許大海一直都想整幾條獵狗。
尤其是雪融化之后,山里邊兒動物的腳印兒就沒有了,想打到好獵物更要依賴獵狗的嗅覺。
至于獵狗吃的多……
就憑他家現在的富裕程度,養幾條獵狗還是非常輕松的。
來到榮成林家,喊了幾聲后榮成林就出來了。
“林哥,你大舅子王愛國要賣狗!?”中午的風還有些燥熱,微微吹動著許大海的頭發。
中午的時候氣溫要高一些,但是一早一晚的還是要穿長袖長褲。
天空湛藍,遠山蒼翠,生機勃發,連屯子里的路邊兒,房前屋后犄角旮旯的地方都長滿了雜草。
婆婆丁在開著黃花,有蝴蝶上上下下的飛舞著,還有一只只小螞蚱奶兒蹦蹦跳跳的,偶爾啃幾口草葉子。
“是啊,他那槍法爛的稀碎,總打不著啥東西,四條獵狗光吃飯就要吃好多,他天天和他媳婦兒吵架,就不打算養了。
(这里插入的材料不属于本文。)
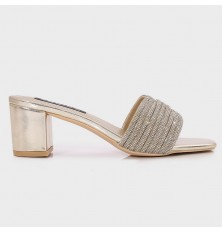 ZXQ2248 Short Heel slippers...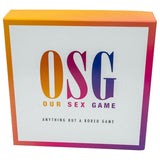 Our Sex Game - Adult Toys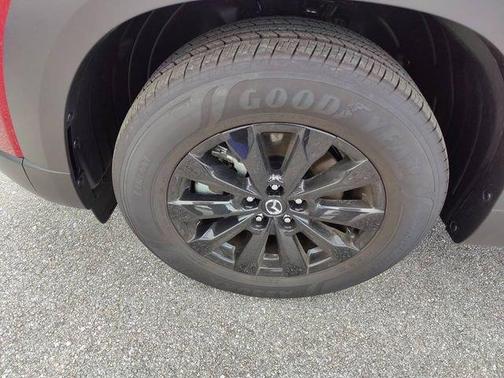 2025 Mazda CX-50 2.5 S Select Package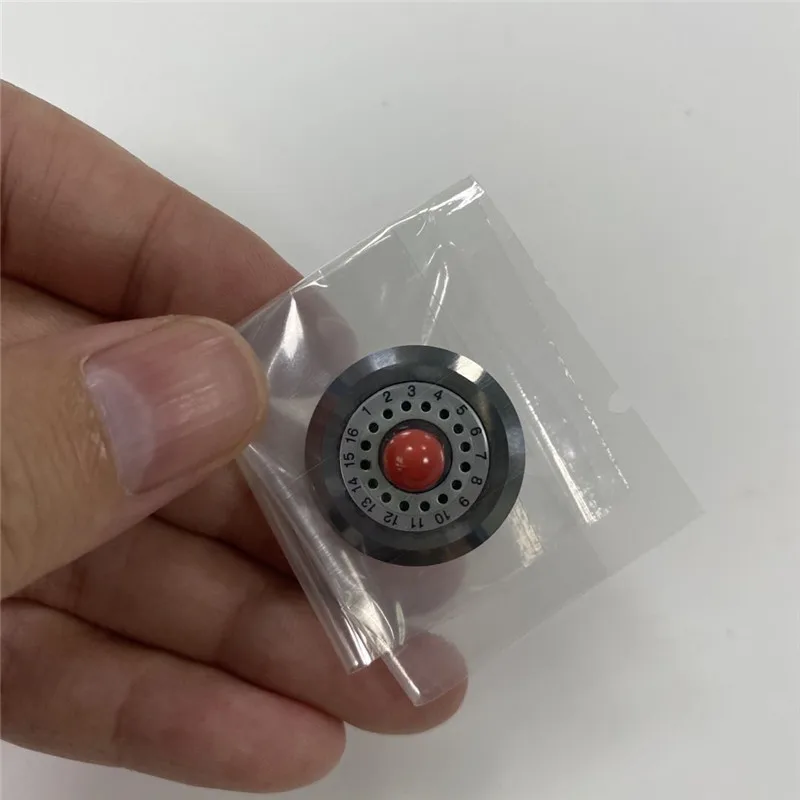 CT-30 CT-20 CT-30A Fiber Cleaver Replacement Blade CT30 CB-16 Optical Fiber Cleaver Blade
CT-30 CT-20 CT-30A Fiber Cleaver Replacement Blade CT30 CB-16 Optical Fiber Cleaver Blade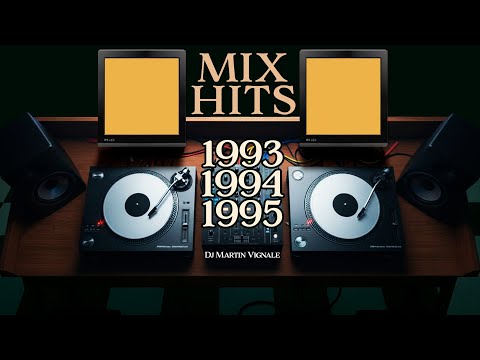 Mix Hits Retro 1993 1994 1995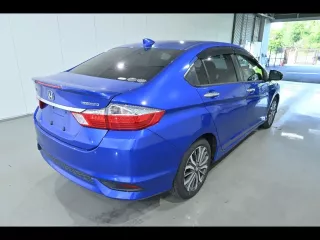 Honda Grace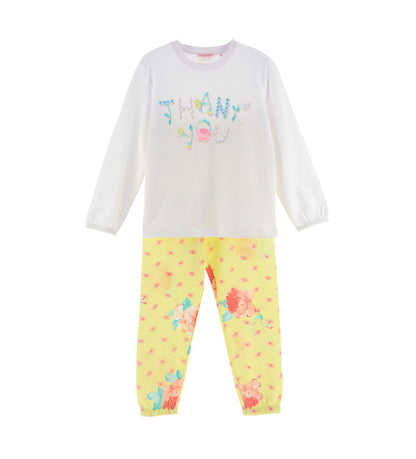 GIRL'S PYJAMAS-620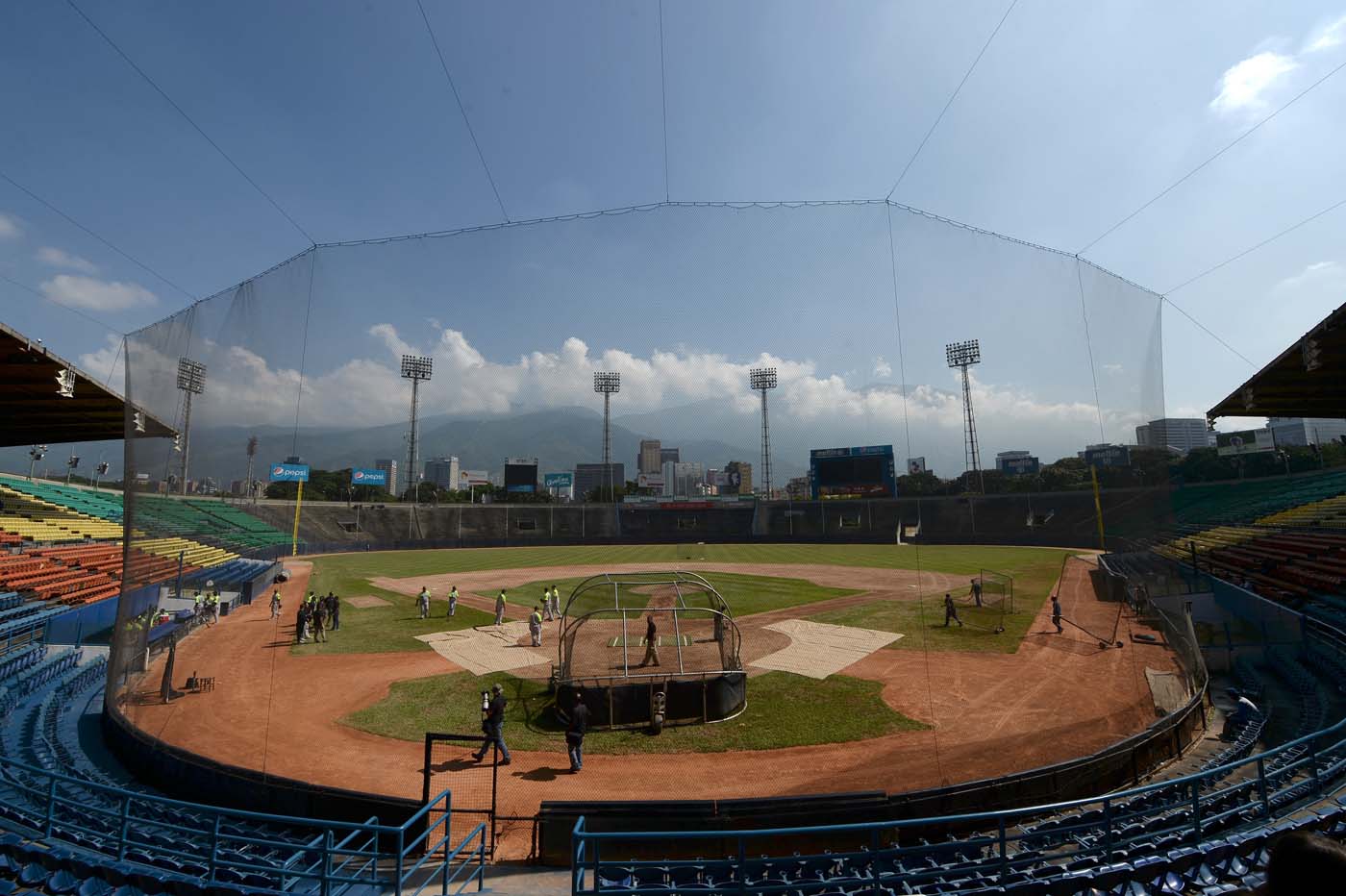 Béisbol en Venezuela en una encrucijada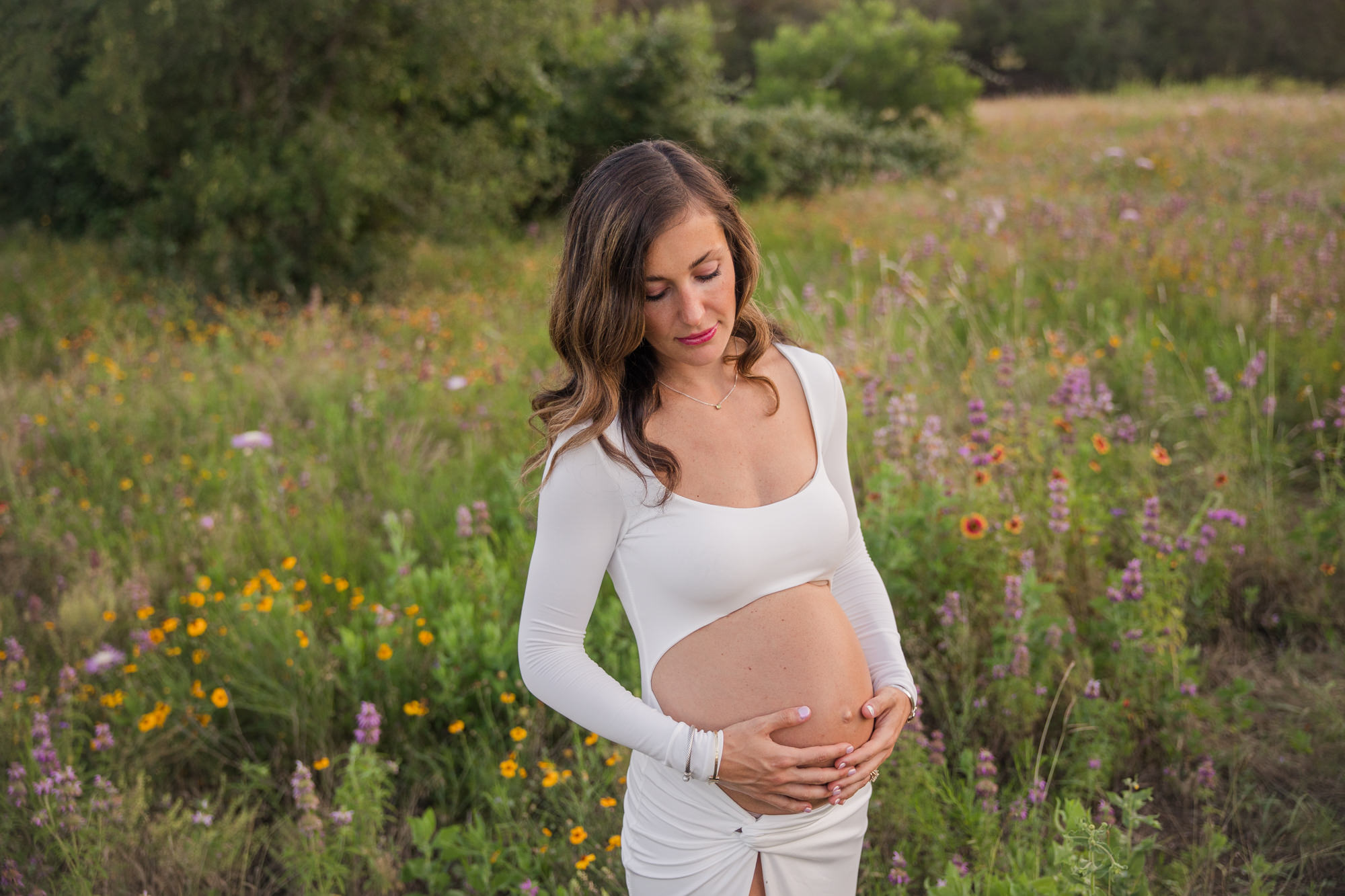 Austin Maternity Photographer Lauren Garrison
”
“行啊,那他打算多少錢賣呢?”
“這個,可能要你去和他談談。”榮成林右胳膊上讓跳蚤咬了一個大包,邊撓著胳膊邊說道
“我和你一塊兒去,也幫著你砍砍價兒。該說不說的,那四條獵狗要是在跟著王愛國,離廢了也就不遠了。
他舍不得喂,還經常無緣無故的打狗……整的那四條狗子啊,哎~我都不知道說啥好了。”
許大海的眉頭緊緊的皺起來,情況似乎比他想象的還要嚴重。
“吃了午飯咱們就過去,免的夜長夢多。”
“行啊,就按你說的辦。”
吃過午飯后,這些天一直睡午覺的許大海也不睡覺了,帶上錢,給車子打好氣兒,騎著二八大杠就去和榮成林匯合。
這輛二八大杠換過車胎,又給車鏈子搭過油,非常好騎。
一開始的山路可以騎著走,來到松花江岔道邊兒上,就要坐船去對面。
一人過一次河要1毛錢。
嘩嘩嘩~
船槳撥動著河水,小木船慢慢的向對岸劃去,藍藍的天空中飄著幾朵白云,偶爾有鳥兒成群結隊的飛過。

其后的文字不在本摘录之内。